Il nostro modo di celebrare la liturgia è spesso troppo razionalista. La liturgia diventa insegnamento, il cui criterio è: farsi capire - la conseguenza è non di rado la banalizzazione del mistero, la prevalenza delle nostre parole, la ripetizione delle fraseologie che sembrano più accessibili e più gradevoli per la gente. Ma questo è un errore non soltanto teologico, ma anche psicologico e pastorale. L'onda dell'esoterismo, la diffusione di tecniche asiatiche di distensione e di auto-svuotamento mostrano che nelle nostre liturgie manca qualcosa. Proprio nel nostro mondo di oggi abbiamo bisogno del silenzio, del mistero sopra-individuale, della bellezza. La liturgia non è l'invenzione del sacerdote celebrante o di un gruppo di specialisti; la liturgia (il "rito") è cresciuta in un processo organico nei secoli, porta in sé il frutto dell'esperienza di fede di tutte le generazioni. Anche se i partecipanti non capiscono forse tutte le singole parole, percepiscono il significato profondo, la presenza del mistero, che trascende tutte le parole. Non il celebrante è il centro dell'azione liturgica; il celebrante non sta davanti al popolo nel nome proprio - non parla da se e per se, ma "in persona Cristi". Non contano le capacità personali del celebrante, ma solo la sua fede, nella quale si fa trasparente Cristo. "Egli deve crescere, e io invece diminuire" (Gv 3, 30).

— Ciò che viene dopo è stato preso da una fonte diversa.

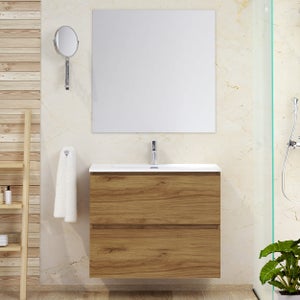 Mueble de doble lavabo suspendido de teca 120 cm - Cuarto de baño - Tikamoon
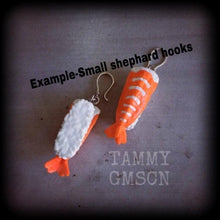 Load image into Gallery viewer, Sushi earrings, Fish earrings, Japanese earrings, Food jewelry, Niguiri Maguro, Sashimi, Yum Cha, Tunnel earrings, Plug earrings, 6g 4g 8g
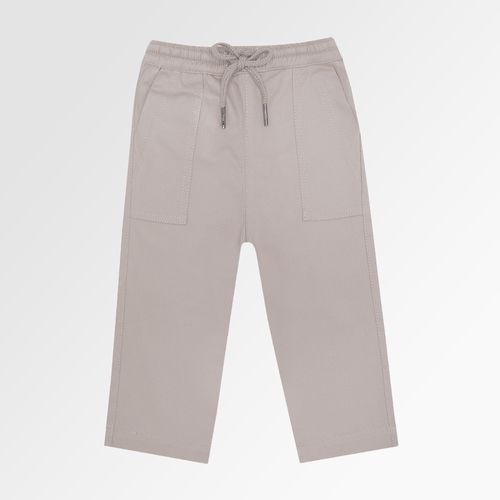 Calça de Bebê Masculina Sarja com Bolsos Sobrepostos - KAKI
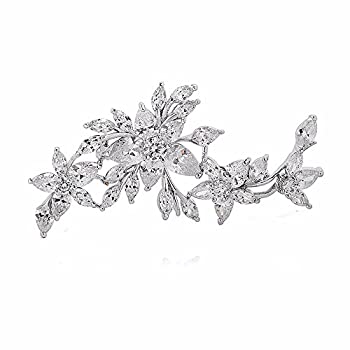 【中古】【輸入品 未使用】GULICX Silver Plated Base Diamante Zircon Flower Blossom Brooch Badge Pin Classic Design for Women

3. Gesù Cristo: «Con questa riflessione il tema Dio si è già esteso e concretizzato nel tema Gesù Cristo: Solo in Cristo e tramite Cristo il tema Dio diventa realmente concreto: Cristo è Emanuele, il Dio-con-noi - la concretizzazione dell'"Io sono", la risposta al Deismo. Oggi la tentazione è grande di ridurre Gesù Cristo, il figlio di Dio solo a un Gesù storico, a un uomo puro. Non si nega necessariamente la divinità di Gesù, ma con certi metodi si distilla dalla Bibbia un Gesù a nostra misura, un Gesù possibile e comprensibile nei parametri della nostra storiografia. Ma questo "Gesù storico" è un artefatto, l'immagine dei suoi autori e non l'immagine del Dio vivente (cf 2 Cor 4, 4s; Col 1, 15). Non il Cristo della fede è un mito; il cosiddetto Gesù storico è una figura mitologica, auto-inventata dai diversi interpreti. I duecento anni di storia del "Gesù storico" riflettono fedelmente la storia delle filosofie e delle ideologie di questo periodo.

4. La vita eterna: «Un ultimo elemento centrale di ogni vera evangelizzazione è la vita eterna. Oggi dobbiamo con nuova forza nella vita quotidiana annunciare la nostra fede. (....)
Così ritorniamo al nostro punto di partenza: Dio. Se consideriamo bene il messaggio cristiano, non parliamo di un sacco di cose. Il messaggio cristiano è in realtà molto semplice. Parliamo di Dio e dell'uomo, e così diciamo tutto».


Fraternamente CaterinaLD

"Siamo mendicanti e chiediamo agli altri anche le loro idee, come la staffetta della posta che riceve il documento dalle mani di uno e poi corre per darlo ad un altro. Faccio una timida parafrasi delle parole di chi ci ha preceduto nel cammino della fede, per annunciarle ad altri."